[Stored items from a collection]
◆ ◆ ◆ ◆ ◆ ◆ ◆

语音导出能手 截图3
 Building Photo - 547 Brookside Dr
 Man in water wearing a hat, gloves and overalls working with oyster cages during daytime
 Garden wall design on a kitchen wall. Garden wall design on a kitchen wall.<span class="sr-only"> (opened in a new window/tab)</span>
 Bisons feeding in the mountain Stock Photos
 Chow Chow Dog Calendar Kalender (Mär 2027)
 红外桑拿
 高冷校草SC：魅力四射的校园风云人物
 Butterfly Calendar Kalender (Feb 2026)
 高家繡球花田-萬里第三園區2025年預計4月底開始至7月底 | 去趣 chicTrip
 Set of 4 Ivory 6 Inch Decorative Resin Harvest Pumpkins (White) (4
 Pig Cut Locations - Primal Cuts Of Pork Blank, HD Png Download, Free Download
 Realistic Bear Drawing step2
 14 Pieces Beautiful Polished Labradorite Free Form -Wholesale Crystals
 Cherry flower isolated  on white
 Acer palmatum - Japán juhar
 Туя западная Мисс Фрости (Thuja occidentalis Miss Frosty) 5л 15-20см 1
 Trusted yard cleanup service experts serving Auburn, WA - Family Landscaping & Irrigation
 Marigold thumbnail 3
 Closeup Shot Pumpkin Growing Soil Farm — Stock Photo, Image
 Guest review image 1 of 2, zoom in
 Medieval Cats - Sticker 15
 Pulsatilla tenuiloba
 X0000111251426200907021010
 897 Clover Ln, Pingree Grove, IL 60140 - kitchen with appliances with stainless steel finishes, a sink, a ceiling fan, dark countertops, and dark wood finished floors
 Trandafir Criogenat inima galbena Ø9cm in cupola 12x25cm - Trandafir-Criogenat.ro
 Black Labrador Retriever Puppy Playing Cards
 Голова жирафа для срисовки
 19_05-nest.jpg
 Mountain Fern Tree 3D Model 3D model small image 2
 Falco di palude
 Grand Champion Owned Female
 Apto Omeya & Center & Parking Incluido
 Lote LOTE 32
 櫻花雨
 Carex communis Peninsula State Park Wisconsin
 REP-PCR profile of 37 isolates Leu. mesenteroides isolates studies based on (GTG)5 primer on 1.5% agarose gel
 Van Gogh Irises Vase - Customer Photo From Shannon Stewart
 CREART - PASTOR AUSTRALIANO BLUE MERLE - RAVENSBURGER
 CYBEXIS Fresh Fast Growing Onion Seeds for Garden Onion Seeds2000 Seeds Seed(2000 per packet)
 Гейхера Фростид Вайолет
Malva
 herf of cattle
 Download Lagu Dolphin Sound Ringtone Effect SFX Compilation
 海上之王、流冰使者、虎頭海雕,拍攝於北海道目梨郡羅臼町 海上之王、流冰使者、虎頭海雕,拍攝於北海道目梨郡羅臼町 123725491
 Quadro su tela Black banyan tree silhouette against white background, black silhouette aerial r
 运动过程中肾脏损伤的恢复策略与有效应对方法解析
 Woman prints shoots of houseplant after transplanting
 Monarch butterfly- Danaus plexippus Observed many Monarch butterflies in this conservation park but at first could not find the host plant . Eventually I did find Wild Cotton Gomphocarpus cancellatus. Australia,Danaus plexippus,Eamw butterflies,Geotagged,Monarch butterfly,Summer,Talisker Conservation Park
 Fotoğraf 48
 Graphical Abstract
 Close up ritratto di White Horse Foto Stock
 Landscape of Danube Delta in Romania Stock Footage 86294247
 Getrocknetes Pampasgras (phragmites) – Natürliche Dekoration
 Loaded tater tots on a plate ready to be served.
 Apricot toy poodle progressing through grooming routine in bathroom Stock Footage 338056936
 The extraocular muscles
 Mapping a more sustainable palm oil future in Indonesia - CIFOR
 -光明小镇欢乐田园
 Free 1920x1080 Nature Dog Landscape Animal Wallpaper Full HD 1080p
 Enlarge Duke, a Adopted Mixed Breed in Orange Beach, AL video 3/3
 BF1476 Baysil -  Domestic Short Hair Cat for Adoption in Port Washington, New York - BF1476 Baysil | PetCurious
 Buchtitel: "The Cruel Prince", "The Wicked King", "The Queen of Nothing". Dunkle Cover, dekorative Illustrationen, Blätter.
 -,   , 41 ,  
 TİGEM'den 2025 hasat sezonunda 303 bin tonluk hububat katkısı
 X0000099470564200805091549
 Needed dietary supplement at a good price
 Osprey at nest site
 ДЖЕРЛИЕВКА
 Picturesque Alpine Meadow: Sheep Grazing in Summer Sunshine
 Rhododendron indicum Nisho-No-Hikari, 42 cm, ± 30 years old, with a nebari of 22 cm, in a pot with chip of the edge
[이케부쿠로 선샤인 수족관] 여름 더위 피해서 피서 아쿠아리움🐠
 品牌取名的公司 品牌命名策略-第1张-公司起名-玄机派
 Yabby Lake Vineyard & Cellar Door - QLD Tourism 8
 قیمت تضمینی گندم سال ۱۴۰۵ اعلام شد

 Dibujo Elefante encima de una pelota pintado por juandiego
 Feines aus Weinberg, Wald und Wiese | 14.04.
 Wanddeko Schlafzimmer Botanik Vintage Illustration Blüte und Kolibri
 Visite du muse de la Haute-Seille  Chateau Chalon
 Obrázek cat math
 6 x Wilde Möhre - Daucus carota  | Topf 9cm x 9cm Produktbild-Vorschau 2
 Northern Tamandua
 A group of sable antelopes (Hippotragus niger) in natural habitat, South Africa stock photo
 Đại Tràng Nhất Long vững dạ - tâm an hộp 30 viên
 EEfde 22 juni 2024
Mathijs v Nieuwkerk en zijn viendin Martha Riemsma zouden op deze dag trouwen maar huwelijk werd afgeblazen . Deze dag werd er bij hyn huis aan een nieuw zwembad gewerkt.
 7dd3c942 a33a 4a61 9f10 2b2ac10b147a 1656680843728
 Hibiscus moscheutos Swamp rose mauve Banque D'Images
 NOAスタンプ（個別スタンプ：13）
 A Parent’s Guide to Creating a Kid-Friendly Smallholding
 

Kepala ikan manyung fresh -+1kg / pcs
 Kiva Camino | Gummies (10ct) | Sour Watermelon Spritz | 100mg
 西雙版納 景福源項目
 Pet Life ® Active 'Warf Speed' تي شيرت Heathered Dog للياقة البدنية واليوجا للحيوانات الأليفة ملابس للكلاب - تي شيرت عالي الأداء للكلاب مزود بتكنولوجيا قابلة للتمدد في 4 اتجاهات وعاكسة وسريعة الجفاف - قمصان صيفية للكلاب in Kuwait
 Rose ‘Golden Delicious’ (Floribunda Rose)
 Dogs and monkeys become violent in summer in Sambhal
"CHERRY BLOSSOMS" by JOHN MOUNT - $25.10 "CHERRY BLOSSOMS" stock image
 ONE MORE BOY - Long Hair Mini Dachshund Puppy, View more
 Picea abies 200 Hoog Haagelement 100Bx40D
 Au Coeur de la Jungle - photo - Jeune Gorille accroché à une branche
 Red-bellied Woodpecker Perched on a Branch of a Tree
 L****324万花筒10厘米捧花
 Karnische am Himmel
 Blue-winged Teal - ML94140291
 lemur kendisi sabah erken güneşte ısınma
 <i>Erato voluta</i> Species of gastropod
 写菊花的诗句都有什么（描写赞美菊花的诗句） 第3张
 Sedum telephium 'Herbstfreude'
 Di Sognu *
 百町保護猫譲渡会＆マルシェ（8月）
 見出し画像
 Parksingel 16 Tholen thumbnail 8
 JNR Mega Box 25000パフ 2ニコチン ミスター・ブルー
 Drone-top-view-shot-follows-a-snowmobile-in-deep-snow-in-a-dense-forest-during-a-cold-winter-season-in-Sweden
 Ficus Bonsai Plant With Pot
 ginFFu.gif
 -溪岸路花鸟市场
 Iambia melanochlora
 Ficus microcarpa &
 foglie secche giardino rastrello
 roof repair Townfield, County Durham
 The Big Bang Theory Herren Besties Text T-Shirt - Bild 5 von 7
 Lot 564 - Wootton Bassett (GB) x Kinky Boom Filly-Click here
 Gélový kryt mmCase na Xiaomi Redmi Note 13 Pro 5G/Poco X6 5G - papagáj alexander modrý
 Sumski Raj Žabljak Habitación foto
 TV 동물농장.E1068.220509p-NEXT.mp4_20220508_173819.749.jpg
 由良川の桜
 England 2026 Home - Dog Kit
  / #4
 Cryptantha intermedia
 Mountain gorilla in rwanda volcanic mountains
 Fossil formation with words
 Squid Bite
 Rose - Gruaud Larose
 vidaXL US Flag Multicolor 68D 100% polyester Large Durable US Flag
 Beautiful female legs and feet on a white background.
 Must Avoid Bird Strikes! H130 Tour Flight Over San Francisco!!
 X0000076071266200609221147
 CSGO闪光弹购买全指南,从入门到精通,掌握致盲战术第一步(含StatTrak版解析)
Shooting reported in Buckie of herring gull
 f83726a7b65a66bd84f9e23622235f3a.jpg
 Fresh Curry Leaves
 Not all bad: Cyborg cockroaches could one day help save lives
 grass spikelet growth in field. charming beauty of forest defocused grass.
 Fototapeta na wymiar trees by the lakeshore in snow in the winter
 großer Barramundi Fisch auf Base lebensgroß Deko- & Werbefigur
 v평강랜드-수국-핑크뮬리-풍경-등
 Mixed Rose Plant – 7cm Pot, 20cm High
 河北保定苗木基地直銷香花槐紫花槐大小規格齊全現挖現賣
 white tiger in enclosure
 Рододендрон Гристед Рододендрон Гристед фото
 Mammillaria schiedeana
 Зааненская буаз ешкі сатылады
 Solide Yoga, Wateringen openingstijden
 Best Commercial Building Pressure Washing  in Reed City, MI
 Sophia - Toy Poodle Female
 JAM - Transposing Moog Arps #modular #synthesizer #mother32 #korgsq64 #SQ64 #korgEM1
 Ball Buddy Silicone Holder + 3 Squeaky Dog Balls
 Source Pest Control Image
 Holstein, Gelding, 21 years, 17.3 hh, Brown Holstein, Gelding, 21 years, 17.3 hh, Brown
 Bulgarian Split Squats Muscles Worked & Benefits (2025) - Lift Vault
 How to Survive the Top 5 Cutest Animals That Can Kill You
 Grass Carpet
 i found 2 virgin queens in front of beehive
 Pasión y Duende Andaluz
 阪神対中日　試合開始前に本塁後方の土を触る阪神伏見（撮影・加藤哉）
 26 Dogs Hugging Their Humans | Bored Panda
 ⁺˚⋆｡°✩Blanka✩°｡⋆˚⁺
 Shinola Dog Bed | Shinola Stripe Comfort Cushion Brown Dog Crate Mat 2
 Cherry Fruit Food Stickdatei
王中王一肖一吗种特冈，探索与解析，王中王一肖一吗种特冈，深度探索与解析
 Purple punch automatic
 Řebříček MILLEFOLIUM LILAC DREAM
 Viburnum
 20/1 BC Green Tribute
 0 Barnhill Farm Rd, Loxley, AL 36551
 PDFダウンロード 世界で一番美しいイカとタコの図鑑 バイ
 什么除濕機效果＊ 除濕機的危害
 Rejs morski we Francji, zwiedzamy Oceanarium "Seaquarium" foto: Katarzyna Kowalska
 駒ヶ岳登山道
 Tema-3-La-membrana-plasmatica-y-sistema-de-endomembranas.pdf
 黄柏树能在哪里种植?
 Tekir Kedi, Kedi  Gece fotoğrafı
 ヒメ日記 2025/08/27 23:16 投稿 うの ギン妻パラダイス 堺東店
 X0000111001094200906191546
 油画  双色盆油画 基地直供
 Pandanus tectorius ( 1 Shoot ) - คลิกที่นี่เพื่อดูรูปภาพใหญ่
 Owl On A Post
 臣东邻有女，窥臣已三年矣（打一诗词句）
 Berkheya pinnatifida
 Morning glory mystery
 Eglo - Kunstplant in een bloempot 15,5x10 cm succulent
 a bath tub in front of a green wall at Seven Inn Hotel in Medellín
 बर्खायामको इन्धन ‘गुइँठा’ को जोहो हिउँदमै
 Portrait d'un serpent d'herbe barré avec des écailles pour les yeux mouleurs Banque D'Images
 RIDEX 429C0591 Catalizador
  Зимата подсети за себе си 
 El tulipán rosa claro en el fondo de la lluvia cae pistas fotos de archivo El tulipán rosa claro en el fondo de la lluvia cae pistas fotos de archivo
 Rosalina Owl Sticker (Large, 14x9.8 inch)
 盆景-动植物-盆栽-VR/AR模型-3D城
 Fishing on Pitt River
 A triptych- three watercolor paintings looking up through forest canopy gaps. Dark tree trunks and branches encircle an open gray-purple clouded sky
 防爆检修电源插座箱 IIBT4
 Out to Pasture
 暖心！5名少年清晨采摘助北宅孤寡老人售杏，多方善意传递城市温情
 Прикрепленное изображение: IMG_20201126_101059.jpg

◆ ◆ ◆ ◆ ◆ ◆ ◆

» PROBLEM REQUIREMENTS
Begin with the first line of the data above and, please, print each line exactly until you have printed the line containing "X0000111251426200907021010"; print nothing else.

» WRITTEN SOLUTION
语音导出能手 截图3
 Building Photo - 547 Brookside Dr
 Man in water wearing a hat, gloves and overalls working with oyster cages during daytime
 Garden wall design on a kitchen wall. Garden wall design on a kitchen wall.<span class="sr-only"> (opened in a new window/tab)</span>
 Bisons feeding in the mountain Stock Photos
 Chow Chow Dog Calendar Kalender (Mär 2027)
 红外桑拿
 高冷校草SC：魅力四射的校园风云人物
 Butterfly Calendar Kalender (Feb 2026)
 高家繡球花田-萬里第三園區2025年預計4月底開始至7月底 | 去趣 chicTrip
 Set of 4 Ivory 6 Inch Decorative Resin Harvest Pumpkins (White) (4
 Pig Cut Locations - Primal Cuts Of Pork Blank, HD Png Download, Free Download
 Realistic Bear Drawing step2
 14 Pieces Beautiful Polished Labradorite Free Form -Wholesale Crystals
 Cherry flower isolated  on white
 Acer palmatum - Japán juhar
 Туя западная Мисс Фрости (Thuja occidentalis Miss Frosty) 5л 15-20см 1
 Trusted yard cleanup service experts serving Auburn, WA - Family Landscaping & Irrigation
 Marigold thumbnail 3
 Closeup Shot Pumpkin Growing Soil Farm — Stock Photo, Image
 Guest review image 1 of 2, zoom in
 Medieval Cats - Sticker 15
 Pulsatilla tenuiloba
 X0000111251426200907021010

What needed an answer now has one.